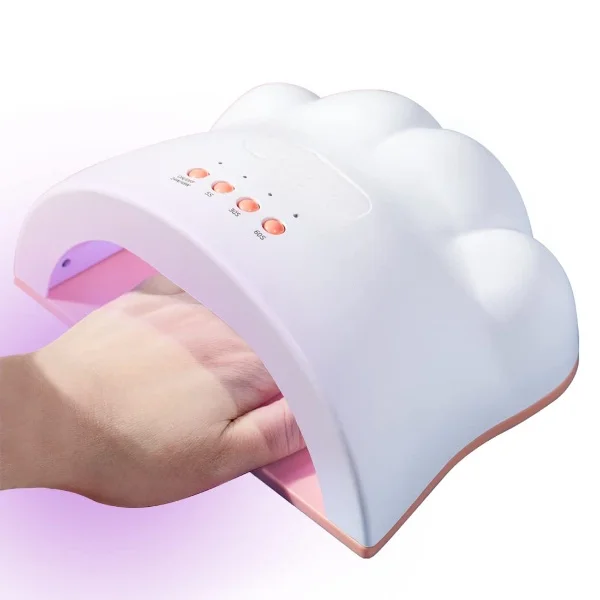 UV LED Nail Lamp 48W Claw Shape Nail Dryer Gel Polish Nail Light with 3 Timer Setting Lamp Logo
UV LED Nail Lamp 48W Claw Shape Nail Dryer Gel Polish Nail Light with 3 Timer Setting Lamp Logo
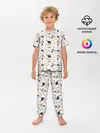 Детская пижама с брюками / Коты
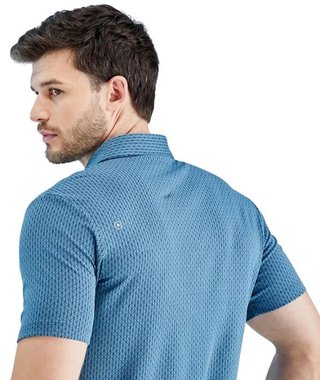 PING Hershel pánske polo, blue fusion multi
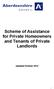Scheme of Assistance for Private Homeowners and Tenants of Private Landlords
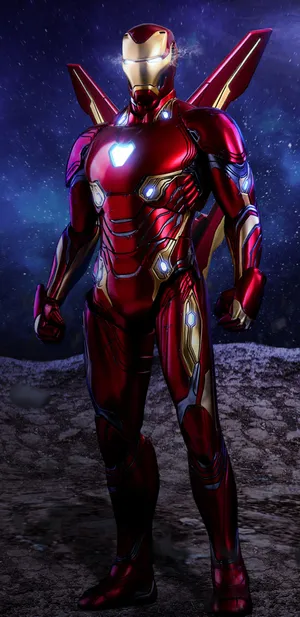 Suit Wings Iron Man Android Wallpaper
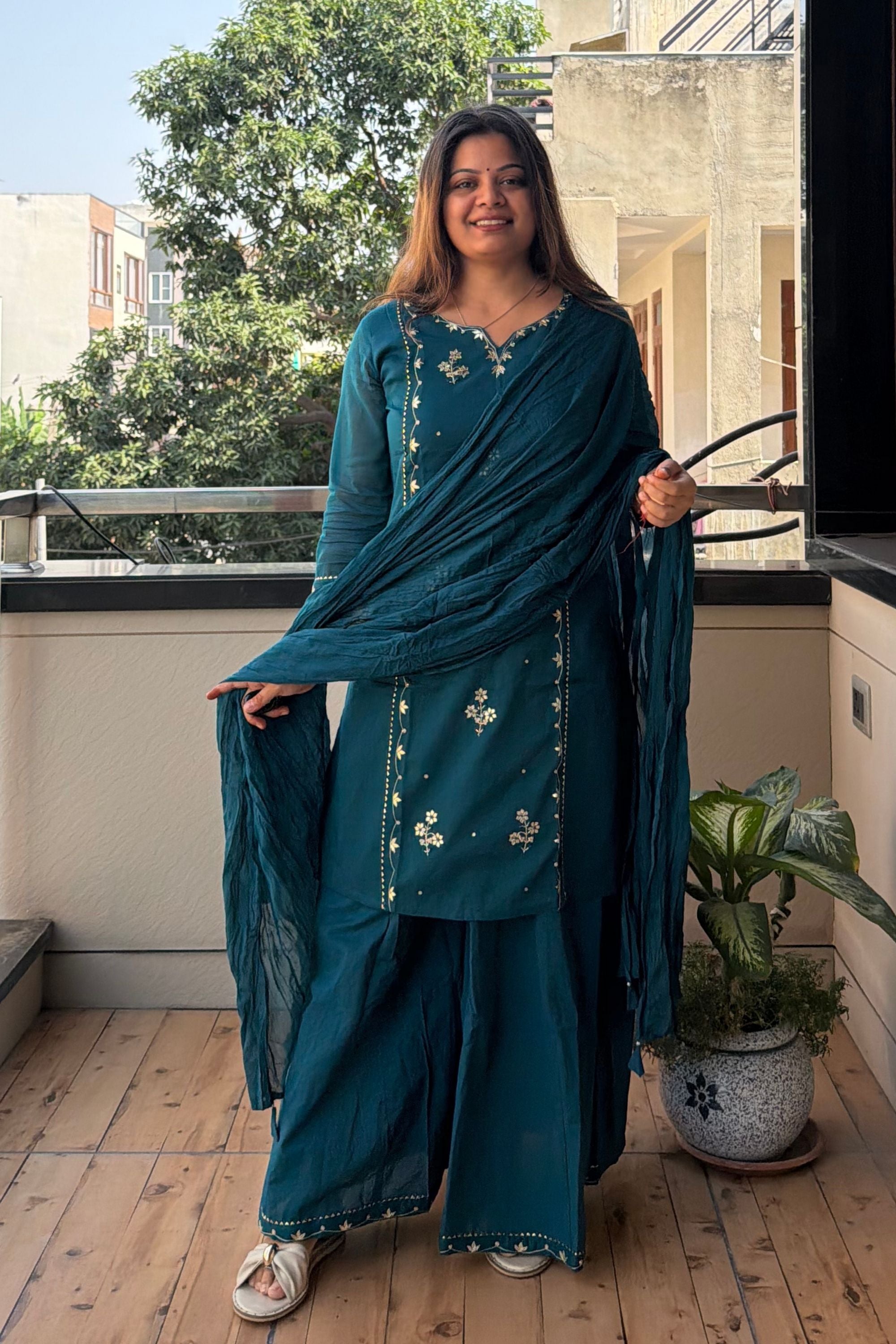 Dupatta Pant Set
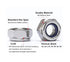 cSeao 60pcs M6 x 1.0mm Nylon Inserted Self Locking Nut, 304 Stainless Steel, Silver Tone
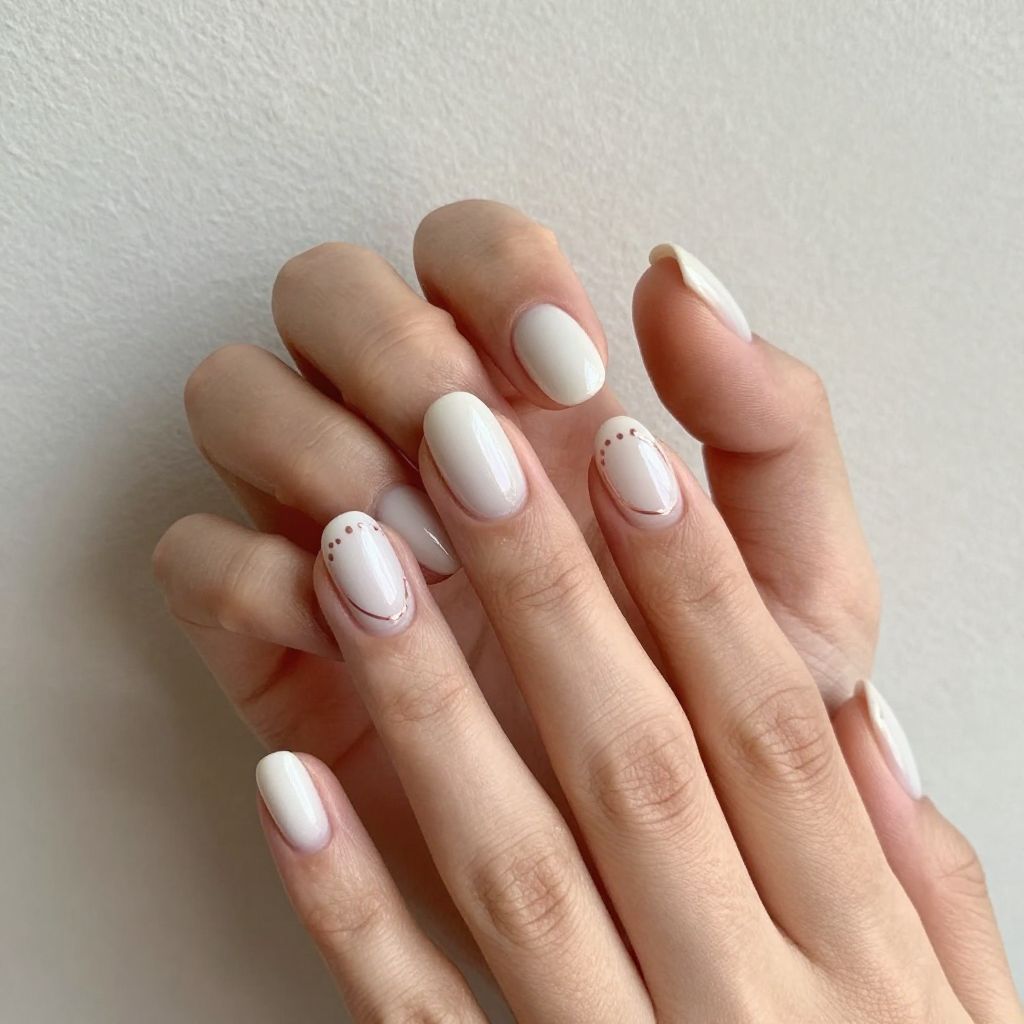 Oval nails design idea 5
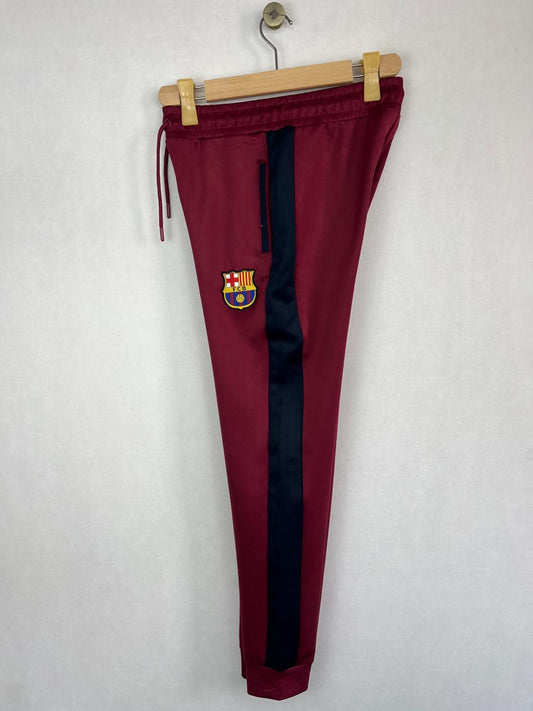 FC Barcelona Men's Maroon Navy Jogger Track Pants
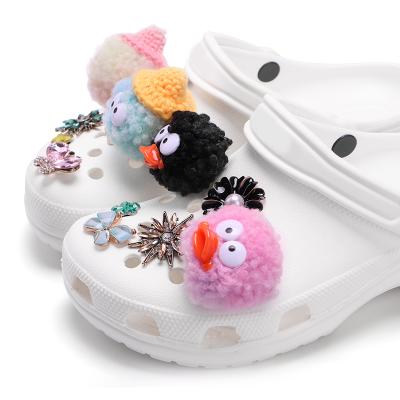 China Eco-froendly Furry Glass Doll Accessories Shoes With For Kids Shoe Charms for sale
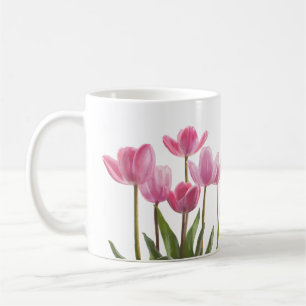 Pink Tulips Coffee Mug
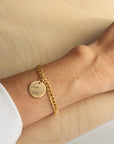 Gold Handwriting Charm Necklace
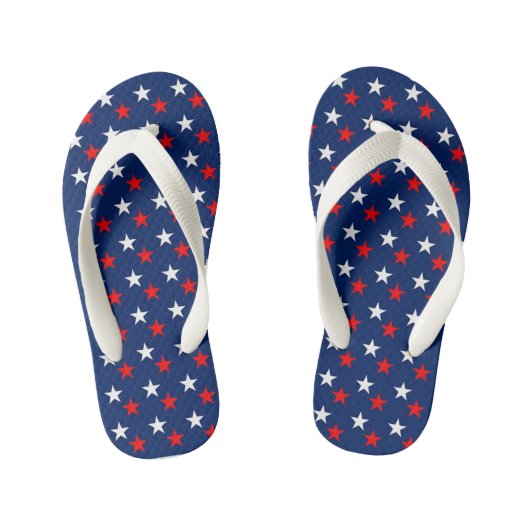 Tongs Enfants Étoiles rouges et blanches (Semelle)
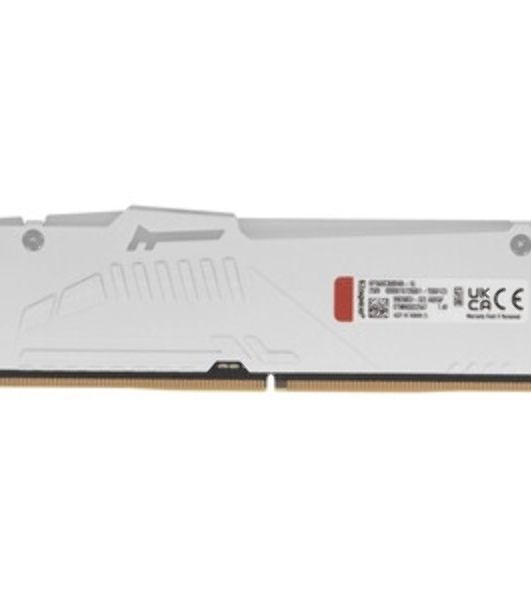 Оперативная память Kingston Fury Beast RGB, DDR5, 16GB (1x16GB), 6000 MHz, CL30, с радиатором, RGB, белый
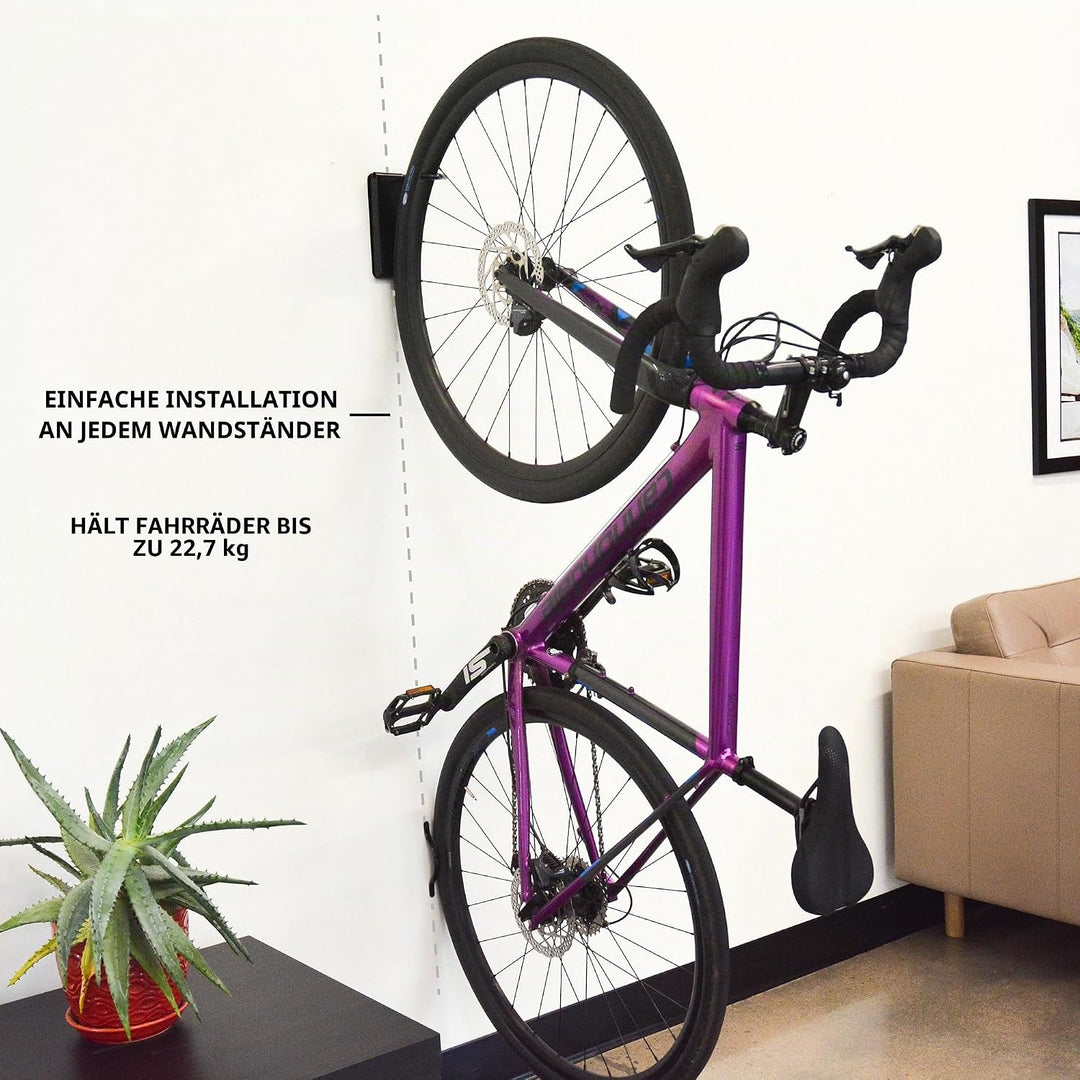 FEEDBACK SPORTS Velo Scharnier 2.0 schwenkbare Fahrrad-Wandhalterung, vertikaler Fahrradaufhänger, G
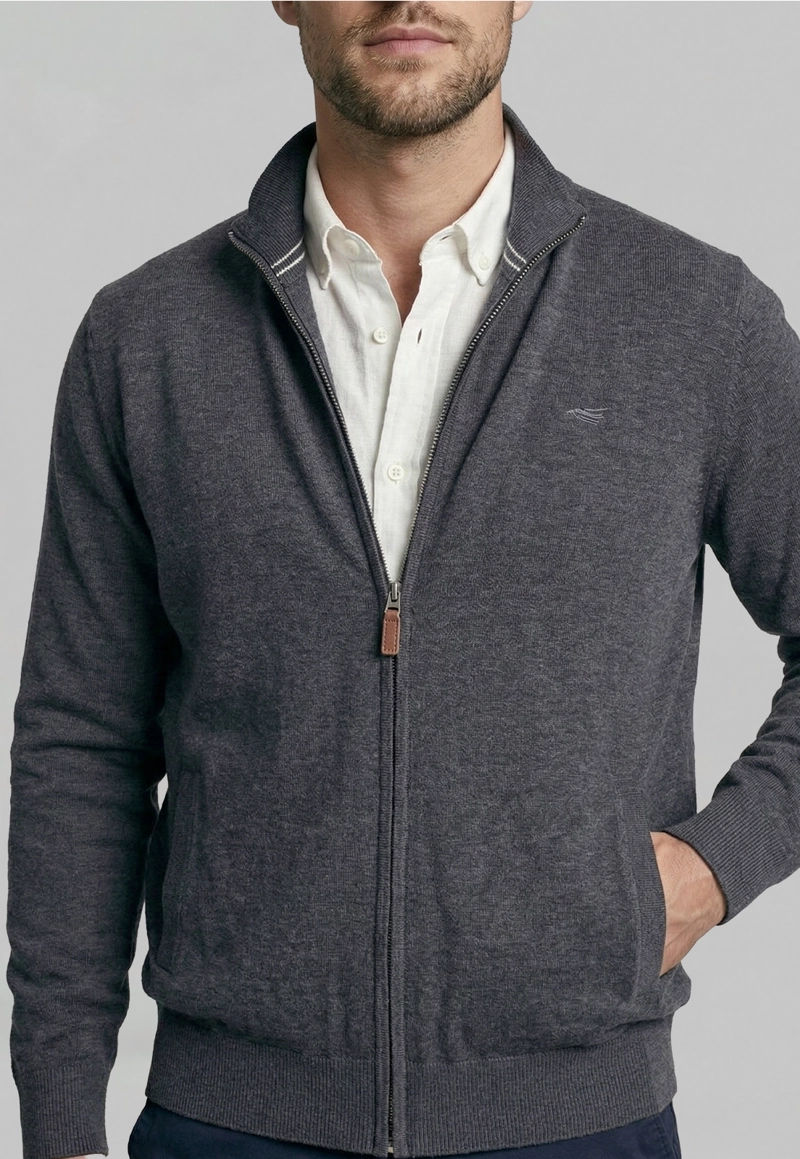 SWEATER BERKELEY GRAPHITO MELANGE - 3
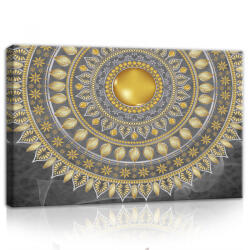 Consalnet Mandala szürke háttérrel, vászonkép, 60x40 cm méretben (C5-10122O4)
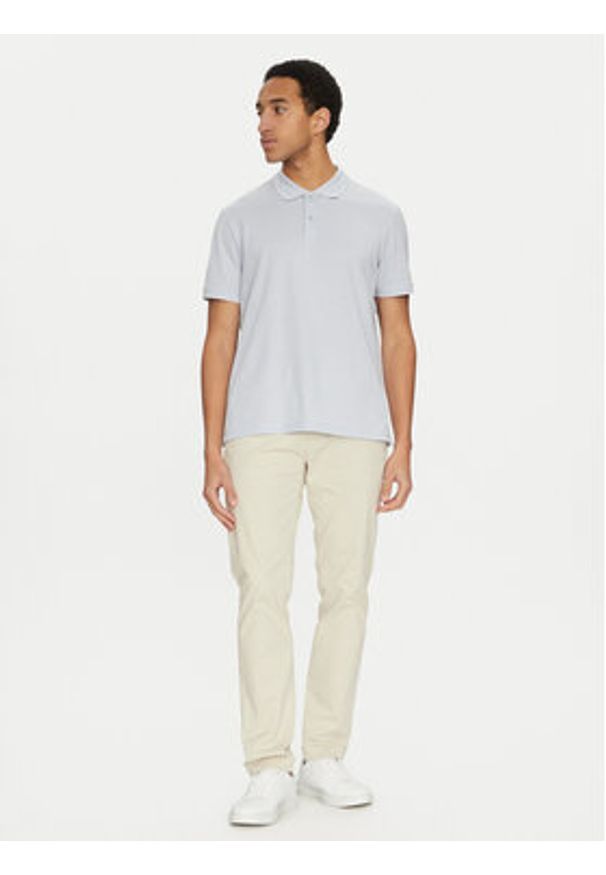 Calvin Klein Chinosy Modern Twill K10K113696 Beżowy Slim Fit. Kolor: beżowy. Materiał: bawełna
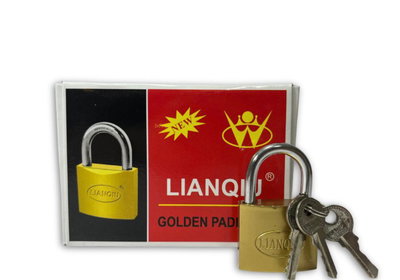 Candados dorado 25-32-38-50-63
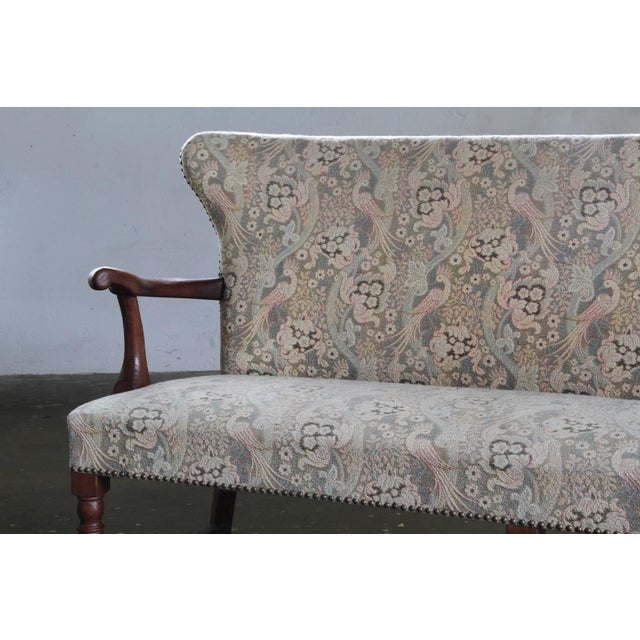 Mid-Century Modern Vintage Danish Art Deco Sofa in Oak, 1940s For Sale - Image 3 of 14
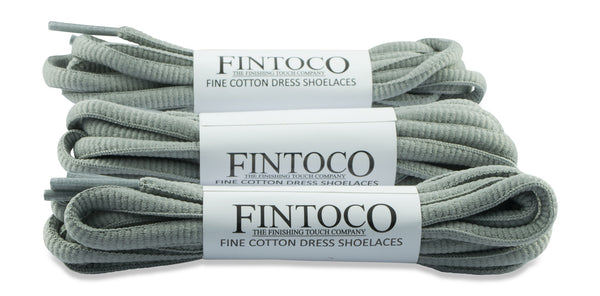 chinese dress ladies Light Grey Waxed Dress Shoelaces with Metal Tips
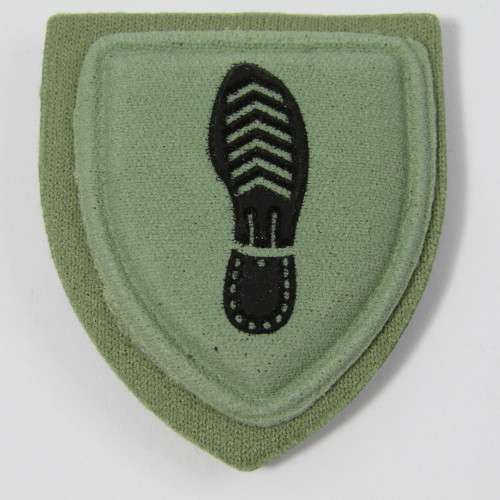 SANDF tracker qualification badge - embossed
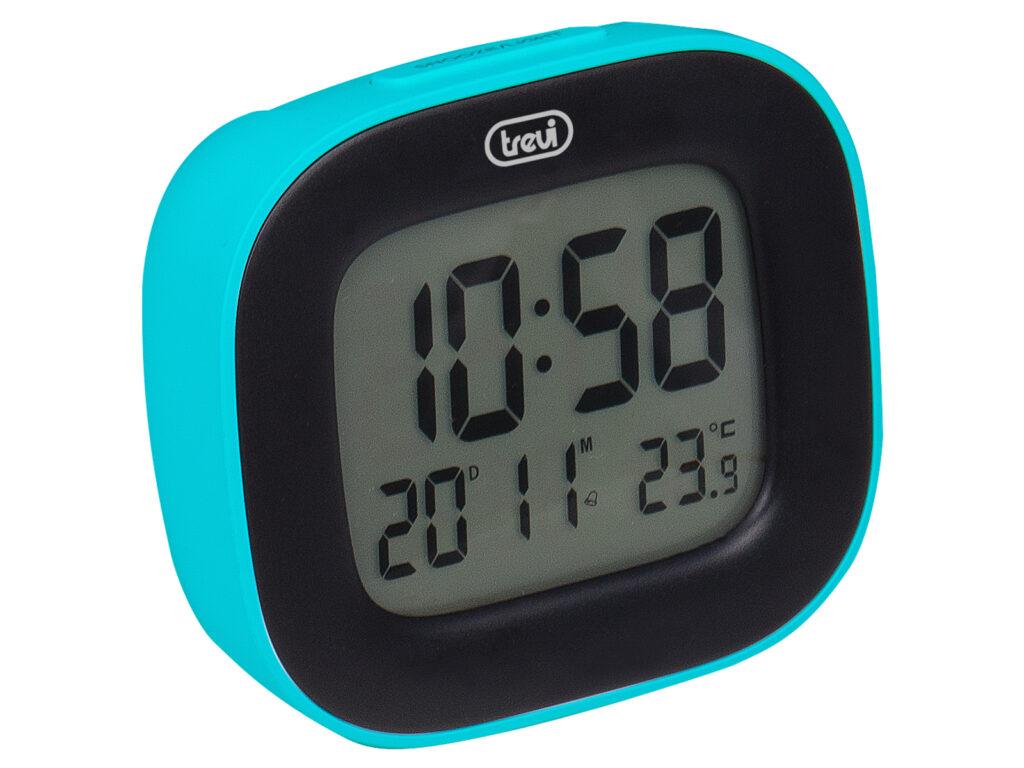 ceas desteptator cu lcd sld 3875 cu termometru si calendar turcoaz trevi 1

○ ○ ○

(Work to complete)
Leave out all images, then reproduce the entries above exactly.

(Answer space)
 UV LED Nail Lamp 48W Claw Shape Nail Dryer Gel Polish Nail Light with 3 Timer Setting Lamp Logo
UV LED Nail Lamp 48W Claw Shape Nail Dryer Gel Polish Nail Light with 3 Timer Setting Lamp Logo
 Детская пижама с брюками / Коты
 PING Hershel pánske polo, blue fusion multi
Scheme of Assistance for Private Homeowners and Tenants of Private Landlords
 Suit Wings Iron Man Android Wallpaper
 Dupatta Pant Set
 cSeao 60pcs M6 x 1.0mm Nylon Inserted Self Locking Nut, 304 Stainless Steel, Silver Tone
 Oval nails design idea 5
 FC Barcelona Men's Maroon Navy Jogger Track Pants
 China Eco-froendly Furry Glass Doll Accessories Shoes With For Kids Shoe Charms for sale
 Pink Tulips Coffee Mug
 Gold Handwriting Charm Necklace
 Tongs Enfants Étoiles rouges et blanches (Semelle)
 Оперативная память Kingston Fury Beast RGB, DDR5, 16GB (1x16GB), 6000 MHz, CL30, с радиатором, RGB, белый
 FEEDBACK SPORTS Velo Scharnier 2.0 schwenkbare Fahrrad-Wandhalterung, vertikaler Fahrradaufhänger, G
 SWEATER BERKELEY GRAPHITO MELANGE - 3
 Consalnet Mandala szürke háttérrel, vászonkép, 60x40 cm méretben (C5-10122O4)
 Calvin Klein Chinosy Modern Twill K10K113696 Beżowy Slim Fit. Kolor: beżowy. Materiał: bawełna
 Candados dorado 25-32-38-50-63
 Mid-Century Modern Vintage Danish Art Deco Sofa in Oak, 1940s For Sale - Image 3 of 14
 chinese dress ladies Light Grey Waxed Dress Shoelaces with Metal Tips
 SANDF tracker qualification badge - embossed
 ceas desteptator cu lcd sld 3875 cu termometru si calendar turcoaz trevi 1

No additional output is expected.